Fed up of he bad press social workers get? Well Jonathan Dimbleby introduced a three-part series on social workers, called Witness, which took a still quite revolutionary fly-on-the-wall documentary.

The series was based in Bradford and featured a team of social workers dealing with problems such as older people refusing help, teenage mums and violent partners, and support for people with learning disabilities. One programme followed two social workers as they took a child from violent parents, while another took on the format of professional discussing a real live anonymised case of child abuse from a different authority.

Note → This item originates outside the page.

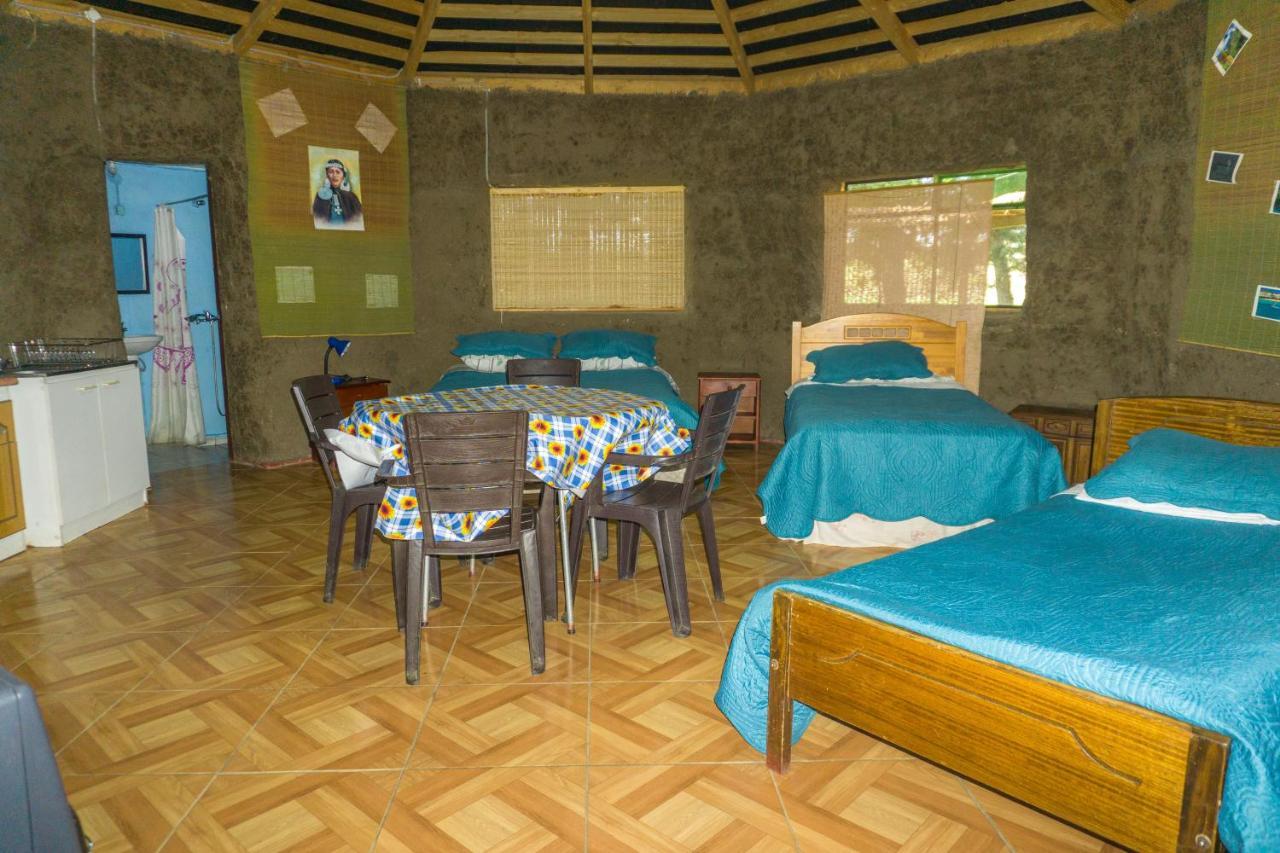 Coyunche Cabanas Y Camping Laja & San Rosendo Eksteriør bilde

Dimbleby launched the series by saying that the term social work had become almost a sneer: “their work is crucial but much maligned, which is why the series was made.”

Hopefully, 20 years ago, it made a few people think. Sad thing is with all the reality TV (which according to one study I have seen recently accounts or 70% or more of al output) and overpaid celebrities and their star-struck programme a bit of serious and worthy TV wouldn’t get made.

15 YEARS AGO

The Tory war on single parent families was in full flight. Just the time for Community Care to come up with some cutting facts: there was no evidence that young mums get pregnant to obtain council houses or give birth for the “generous” benefits or are responsible for the crime in the country.

So all the Tory shibboleths went out of the window and health secretary Virginia Bottomley was forced to bring in the sensible Adoption white paper.

However, Backchat’s venerable predecessor Offload did raise why Tory cabinet ministers persisted in retelling these myths – afterall they were starting more than their fair share of single parent families.